The images are all too familiar, American shoppers clustered together waiting for the stores to open with the sometimes frantic rush to take advantage of deals. In recent years, those lines have been getting longer in Canada.

Black Friday is a product of a condensed Christmas shopping season in the U.S., with much of the focus from Thanksgiving Day until the last weekend of November, when the shopping flood gates open.

Professor Scott Connors is a Western University researcher specializing in consumer behaviour, he says, "There's the people who love the experience of Black Friday, that just love the rush of getting in there, trying to get deals and fighting for things."

A Retail Council of Canada poll showed more people planned to shop on Black Friday than on Boxing Day this year.

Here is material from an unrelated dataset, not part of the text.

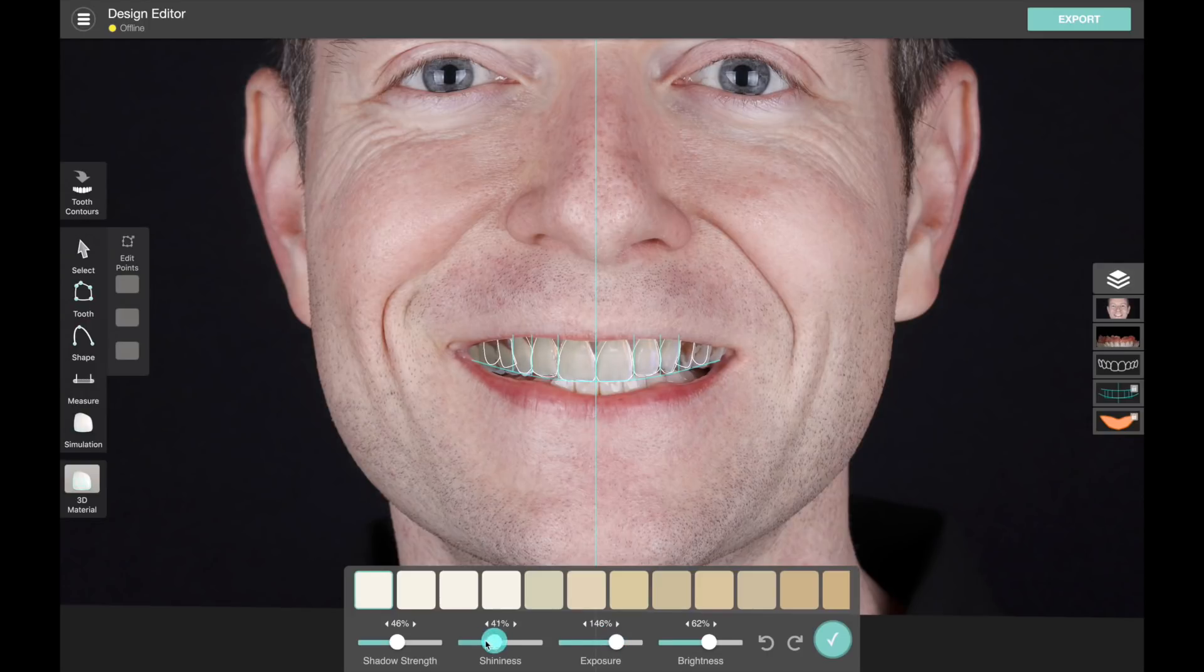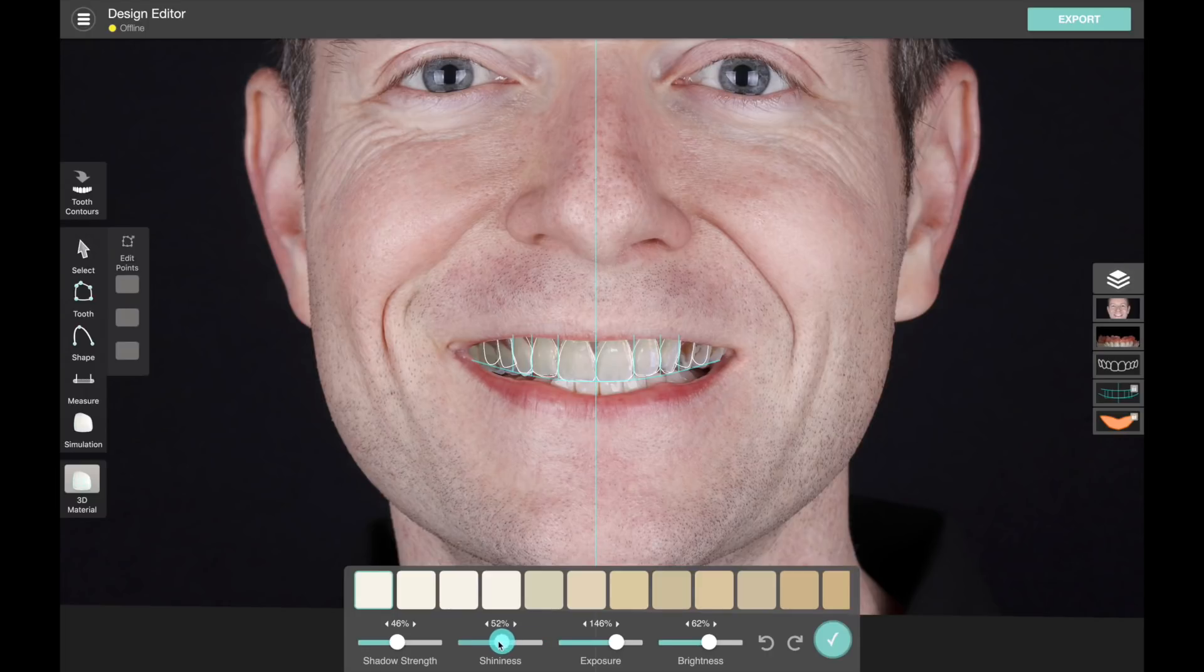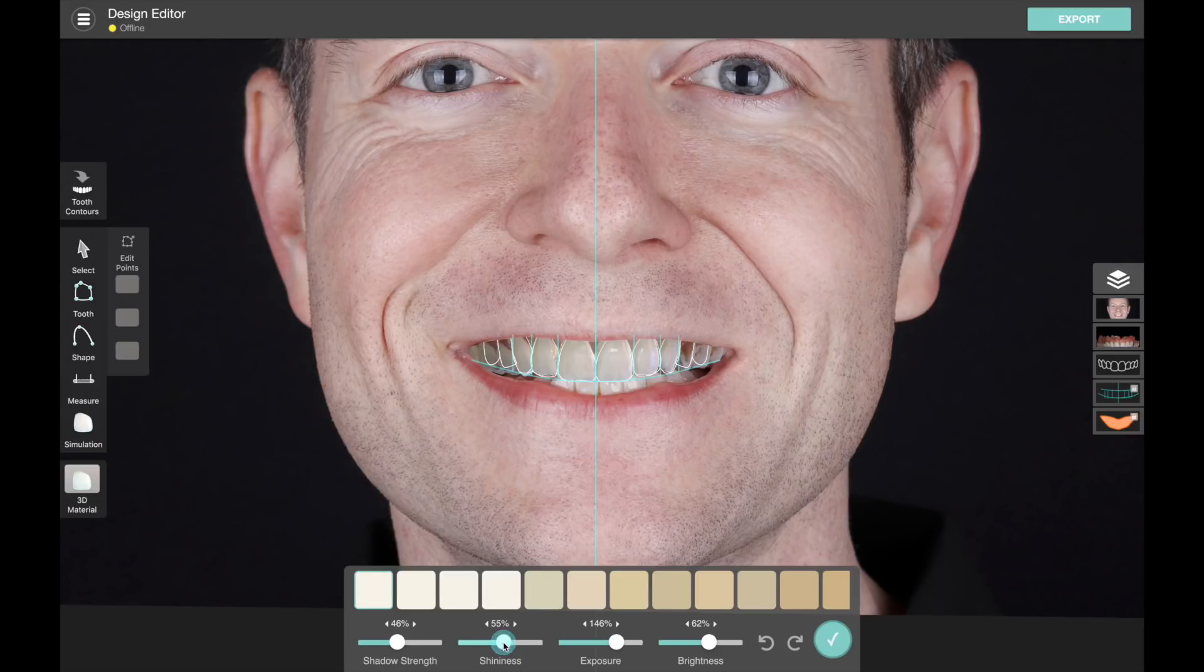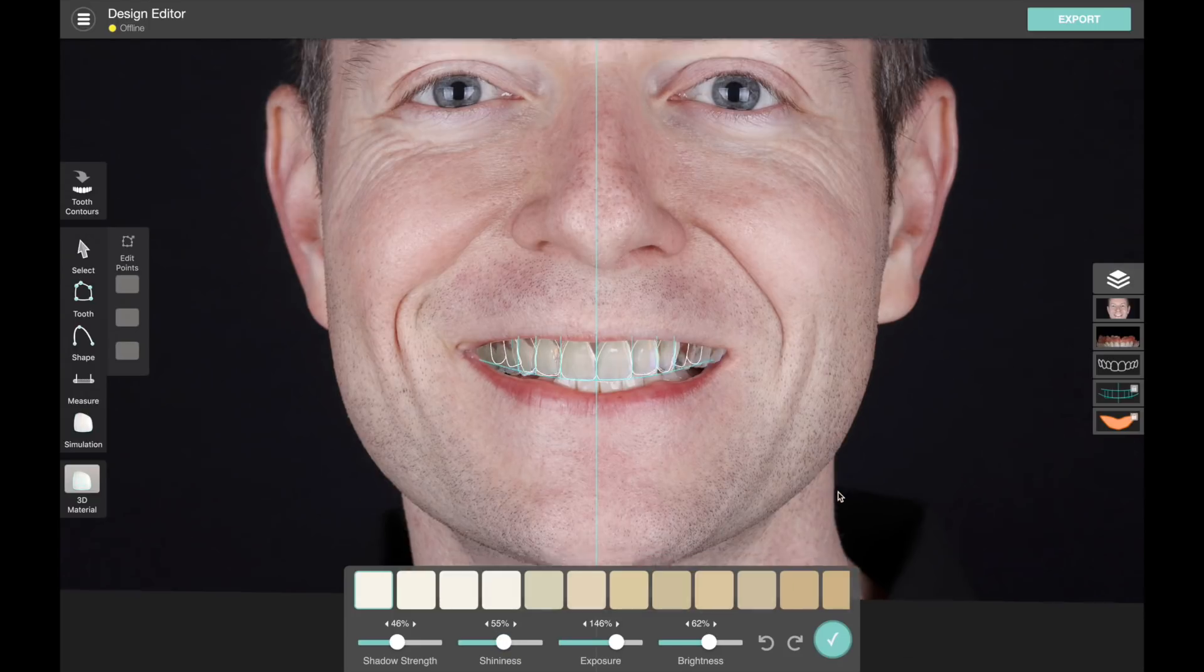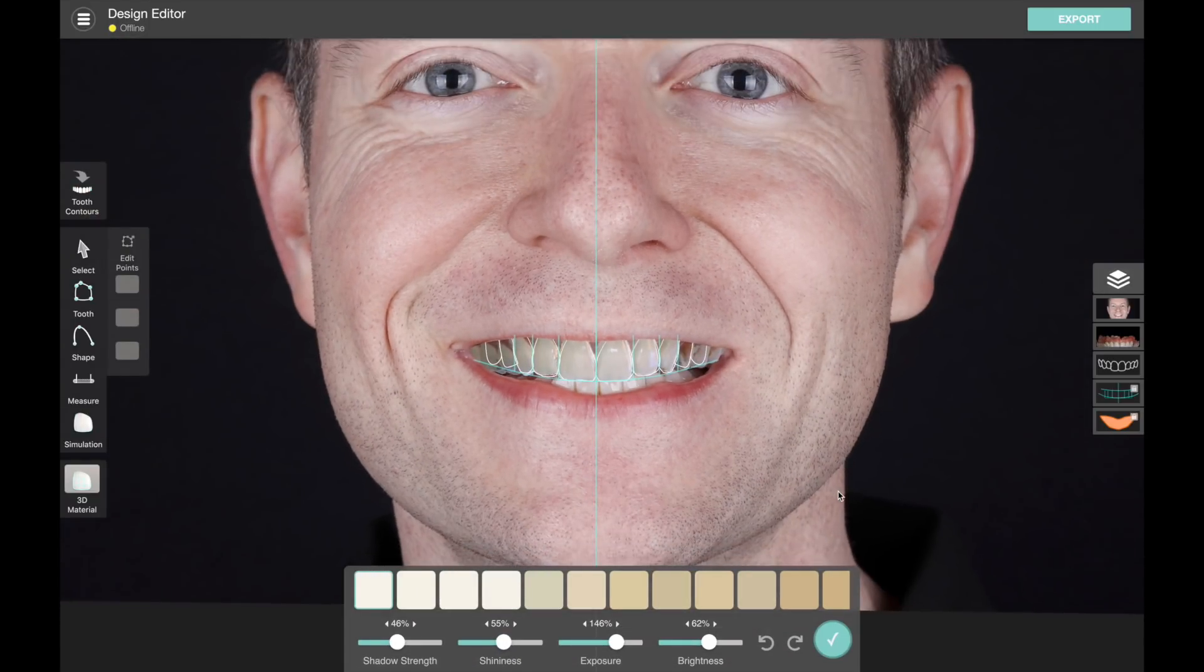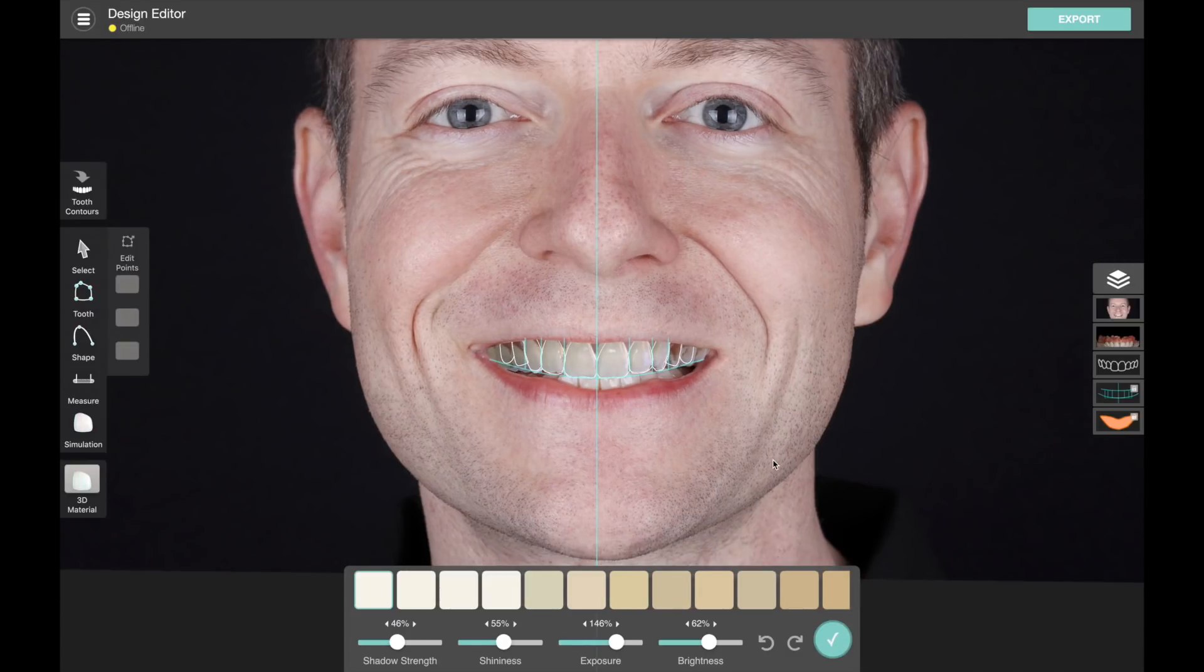And then of course we have our shininess slider, so depending on how you took your photo and you want it to match up, you can make the teeth have a lot of reflections or no reflections. So the idea of the 3D material here is just to make it look nice and integrate with the photo a bit better.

The survey found that 43 per cent of consumers plan to shop on Black Friday, 34 per cent on Boxing Day and 32 per cent on Cyber Monday.

Connors says the poll results reflect consumer needs, "When we're looking at pre-Christmas shopping, you're shopping for other people, you're purchasing gifts. You have your lists. You know how many people you have to shop for. You know your budget. So any opportunity to save or stretch the budget is really going to play well."

White Oaks Mall General Manager Jeff Wilson says that, while we don't get the long holiday weekend like shoppers in the U.S., the mall was still buzzing on Friday.

“Today will be one of our busiest days. It's always a toss-up, the last few of years, between Black Friday and Boxing Day, and we'll find out after the weekend where we sit."

Whether it's Black Friday or Boxing Day, Connors advice is to not get caught up in the marketing hype; make a list, have a plan and do your best to stick to it.

"There are things like loss leaders to get us into the stores. And you’re creating this notion of scarcity and just convincing consumers that they're really getting a deal when sometimes that's not really objectively what's going on there."

A recent poll by Equifax found that 55 per cent of Canadians plan to spend less this Christmas than last Christmas.